The girls behind us giggled. My soul fired up its imaginary laptop and opened Zillow in search of a suitable place to bury myself from shame.
“Are you seriously not going to tell me your name?” My voice came out hoarse. I cleared my throat. “Imagine if you really were my first kiss. I could be scarred for life. You might traumatize me. I’d never be able to trust another man again.”
Stoner Guy flung the metal bar open, striding down the line of carts. “Time’s up. Everybody out.”
The stranger smoothed my hair away from my face.
“You’ll survive,” he croaked.
“Don’t be so sure.”
“Don’t underestimate me. I know a whole fucking lot about people. Besides, I already told you, my name is Monster.”
“Now, that might be your nickname—” I started.
“Nicknames are more telling than birth names.”

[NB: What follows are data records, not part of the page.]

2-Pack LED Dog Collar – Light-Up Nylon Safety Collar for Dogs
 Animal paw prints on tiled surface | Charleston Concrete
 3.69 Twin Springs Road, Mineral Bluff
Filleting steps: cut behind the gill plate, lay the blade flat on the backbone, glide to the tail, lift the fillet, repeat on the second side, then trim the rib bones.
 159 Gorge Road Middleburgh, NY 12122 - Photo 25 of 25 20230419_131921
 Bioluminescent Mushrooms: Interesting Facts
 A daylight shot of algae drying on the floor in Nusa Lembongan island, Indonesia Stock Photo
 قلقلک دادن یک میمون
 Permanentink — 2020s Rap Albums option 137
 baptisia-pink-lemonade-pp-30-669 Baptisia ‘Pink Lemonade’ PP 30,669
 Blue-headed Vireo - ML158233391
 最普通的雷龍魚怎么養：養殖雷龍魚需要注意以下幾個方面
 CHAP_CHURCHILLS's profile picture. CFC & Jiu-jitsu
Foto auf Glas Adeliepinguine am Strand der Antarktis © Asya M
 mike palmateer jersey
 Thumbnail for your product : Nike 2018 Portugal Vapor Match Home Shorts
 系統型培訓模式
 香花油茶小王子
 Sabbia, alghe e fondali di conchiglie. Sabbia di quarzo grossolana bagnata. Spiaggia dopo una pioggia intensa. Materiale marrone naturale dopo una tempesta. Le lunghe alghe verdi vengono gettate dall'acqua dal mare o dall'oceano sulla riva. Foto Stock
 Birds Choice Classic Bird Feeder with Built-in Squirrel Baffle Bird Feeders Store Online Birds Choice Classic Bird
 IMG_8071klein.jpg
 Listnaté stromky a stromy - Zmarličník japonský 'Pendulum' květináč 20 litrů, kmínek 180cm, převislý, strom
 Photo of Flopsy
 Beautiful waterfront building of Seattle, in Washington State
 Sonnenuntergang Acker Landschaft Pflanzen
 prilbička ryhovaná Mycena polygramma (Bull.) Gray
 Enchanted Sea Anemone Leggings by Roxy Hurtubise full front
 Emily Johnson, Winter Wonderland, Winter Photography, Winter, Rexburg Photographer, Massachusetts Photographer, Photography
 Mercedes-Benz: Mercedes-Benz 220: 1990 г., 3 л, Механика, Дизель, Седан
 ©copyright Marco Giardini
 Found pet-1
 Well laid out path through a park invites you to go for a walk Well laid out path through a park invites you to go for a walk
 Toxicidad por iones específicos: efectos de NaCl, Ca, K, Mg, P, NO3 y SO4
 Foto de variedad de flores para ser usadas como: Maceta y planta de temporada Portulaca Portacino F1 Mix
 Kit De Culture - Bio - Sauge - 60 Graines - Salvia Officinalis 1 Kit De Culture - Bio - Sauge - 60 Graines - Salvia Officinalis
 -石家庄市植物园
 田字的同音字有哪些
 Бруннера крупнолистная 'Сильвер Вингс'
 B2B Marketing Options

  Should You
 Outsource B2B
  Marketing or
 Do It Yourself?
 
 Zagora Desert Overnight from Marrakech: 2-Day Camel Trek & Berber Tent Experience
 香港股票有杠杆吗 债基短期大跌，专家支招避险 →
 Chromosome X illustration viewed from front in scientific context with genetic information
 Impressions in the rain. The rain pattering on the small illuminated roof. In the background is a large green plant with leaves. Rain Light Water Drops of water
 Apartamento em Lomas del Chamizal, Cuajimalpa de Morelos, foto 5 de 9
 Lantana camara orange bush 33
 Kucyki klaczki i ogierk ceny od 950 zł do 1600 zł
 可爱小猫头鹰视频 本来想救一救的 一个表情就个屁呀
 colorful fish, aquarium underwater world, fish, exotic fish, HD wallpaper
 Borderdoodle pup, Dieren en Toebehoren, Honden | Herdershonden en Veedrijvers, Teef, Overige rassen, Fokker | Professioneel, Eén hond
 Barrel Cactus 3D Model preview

I happened to agree. My father called my older brother, Cillian, Mo Orga, which meant “my golden” in Irish Gaelic, and my middle brother, Hunter, Ceann Beag, which meant “little one.”
He never nicknamed me anything.
My name meant vision, a dream. Perhaps that’s all I was to my father. Something that wasn’t real, tangible, or important. I was meant to be an idea. A pretty vessel for him to parade and exhibit.
A little daughter, pretty, prim, and proper, without the pressure of breeding me for some big role. To take over his company one day. To give him male heirs to continue his legacy. I was my mother’s gift from him, and I played my role, doting over her, fulfilling her every whim, and filling the hours he was away on business with shopping trips, doing each other’s hair, and more.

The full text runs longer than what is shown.